Third parties which work with Travelex to provide foreign currency purchases including Sainsbury’s Bank and Virgin Money are also currently unavailable.
The company’s website currently reads: “Our online, foreign currency purchasing service is temporarily unavailable due to planned maintenance. The system will be back online shortly.”
Travelex has a presence in more than 70 countries and has more than 1,200 branches and 1,000 ATMs worldwide, with exchange machines a common sight at airports, and customers can also use a smartphone app.
The London-based firm processes more than 5,000 currency transactions every hour.

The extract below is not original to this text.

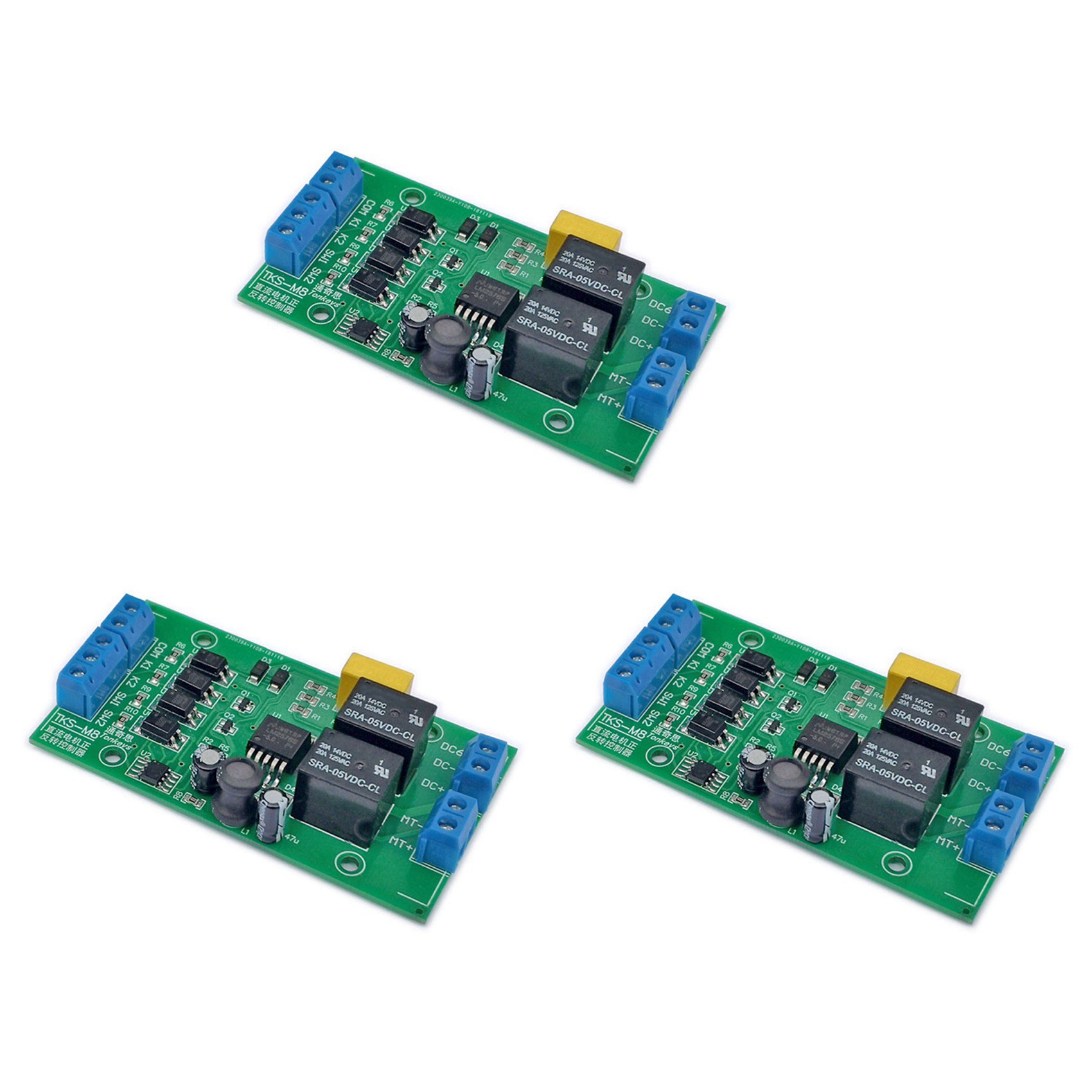 3X DC 6V 12V 24V Motor Forward and Reverse Controller 20A High Current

The issue comes almost two years after the company was embroiled in another IT crisis, when it mistakenly leaked customer data from thousands of Tesco Bank accounts.
The group, which provided foreign currency on behalf of Tesco Bank, shared the database by mistake in March 2018, exposing the details of 17,000 people.
Those included full names, emails, phone numbers, IP addresses and the final digits of bank cards.
Brett Callow, a cyber security expert and threat researcher at security firm Emsisoft, told Sky News: “Ransomware groups are now stealing data prior to encrypting it, meaning that ransomware incident are now effectively data breaches.
“Consequently, prevention and early detection are more critical than ever. A company whose data is stolen has no good options available.
“The fact that Travelex appears not to have patched servers which it had been notified were vulnerable can only be described as shockingly negligent,” Mr Callow added.
If the UK’s data watchdog, the Information Commissioner’s Office (ICO), shares Mr Callow’s opinion about Travelex being negligent then the company could be in for a large fine of up to 4% of its global turnover under new data protection laws.